Постепенно газетчики сбегали вниз, в город, растекались по вечерним воскресным улицам, где чинно прогуливались перед оном обыватели, неторопливо, по-воскресному, цокали копыта фиакров и шелестели шины-дутики дорогих колясок. Последние лучи заходящего солнца отсвечивали зловещим пурпуром над Градчанами и Малой Страной, предвещая ясный день на завтра, когда всю идиллию воскресного вечера неожиданно нарушили эти пронзительные голоса о самоубийстве полковника Редля.

Одного из мальчишек-газетчиков, надрывавшегося на площади святого Вацлава как раз напротив подъезда Живностенского банка, поманил из коляски господин в светлом летнем костюме. Он кинул ему геллер, принял газету и ткнул кончиком зонта кучера, чтобы тот тронул. Прекрасные серые лошади легко повлекли экипаж, владелец которого небрежно развернул газету как раз на той самой странице, где сообщалось о неожиданной трагической смерти высокопоставленного военного, прибывшего по служебным делам в Вену.
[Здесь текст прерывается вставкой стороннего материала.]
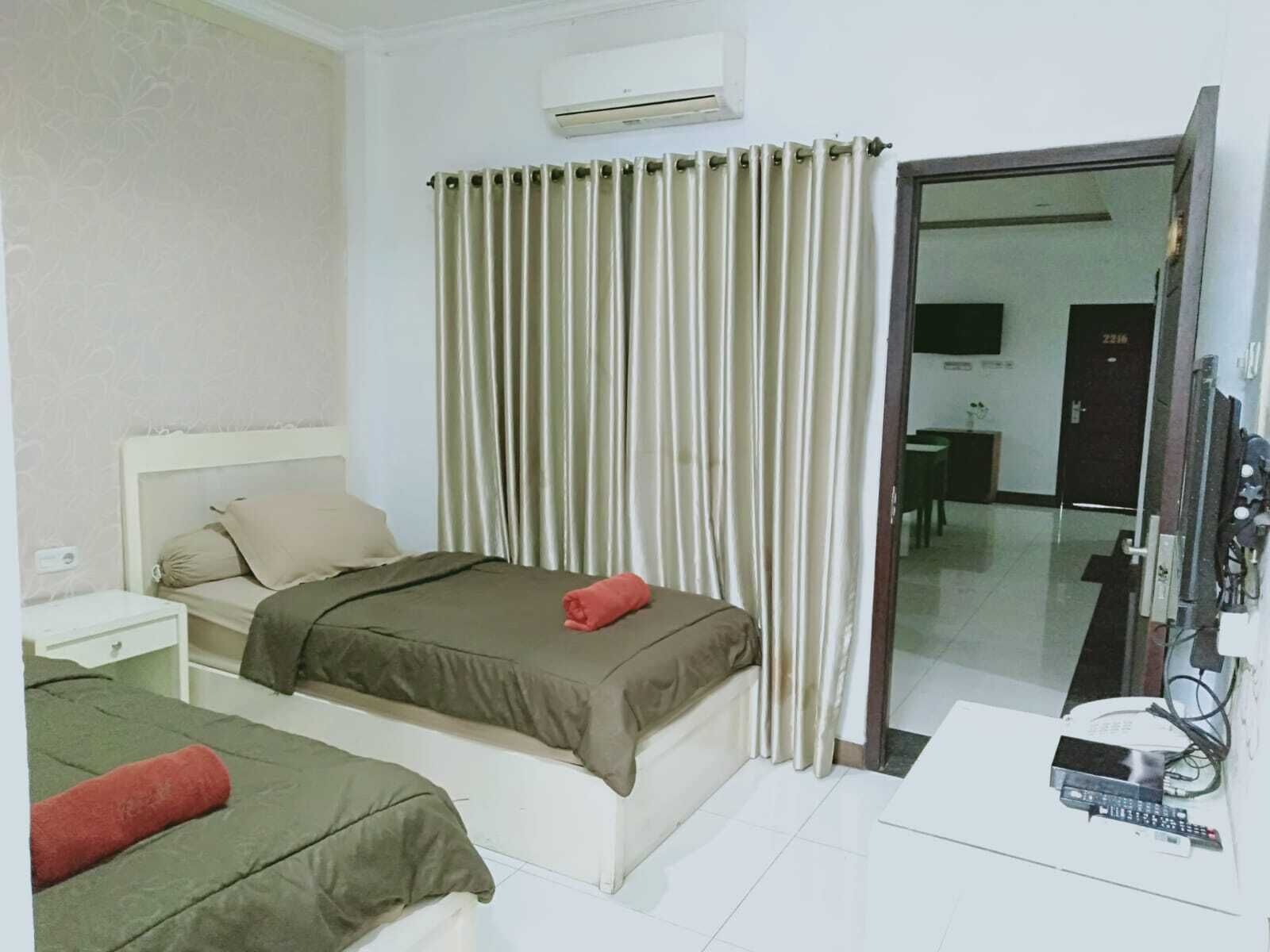 A hotel room with two beds, a desk, an air conditioner, and a sliding door to a balcony.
Господин в коляске, пробежав глазами заметку императорского и королевского телеграфного агентства, вдруг побледнел и, приподнявшись на сиденье, скомандовал кучеру: «К ближайшему кафе, где есть телефон!»

Через минуту коляска остановилась у кафе, господин в светлом костюме, презрев косой взгляд швейцара, инстинкт которого не одобрял такого наряда в вечернее время, вошел внутрь и разыскал кабинет с телефоном.

— Фройляйн, 2-17-33, пожалуйста!.. Профессор, это вы у аппарата? Добрый вечер! Вы еще не видели вечерних венских газет?.. Выходите на улицу через четверть часа, я заеду за вами…

От Вацлавки до Томашовой улицы ровно четверть часа езды в экипаже. Когда господин вице-директор Пилат подъезжал к дому профессора, «Градецкий» уже нервно прогуливался возле парадного.

Грузный пожилой профессор с седеющей бородой неожиданно легко вскочил на подножку экипажа, пока кучер еще не успел остановить, Пилат подвинулся на сиденье, освободив место для профессора. «На набережную!» — скомандовал вознице хозяин, и экипаж стал спускаться по довольно узким улицам к Влтаве.

Было еще достаточно светло, чтобы профессор смог прочитать сообщение в венской газете. Он быстро пробежал глазами по строчкам.

— Что-то за этим кроется! — решительно высказался он, дочитав до конца. — Возможно, полковник был арестован и допрошен! Вы не исключаете такого оборота событий?

Пилат уже вновь натянул маску спокойствия на свое лицо и иногда кивком головы раскланивался со знакомыми во встречных экипажах.

— Совершенно не исключаю! — мгновенно ответил вице-директор. — Более того, я уверен, что Редль попал в Вене в какую-то ловушку.

— Вы не знаете, зачем он туда поехал?

— Последний раз он говорил мне, что собирается ремонтировать автомобиль и уладить кое-какие финансовые дела. К тому же он регулярно встречался там с полковником Урбанским и передавал ему так называемую информацию из Праги о деятельности «подрывных» элементов, то есть нас с вами, — сыронизировал Пилат.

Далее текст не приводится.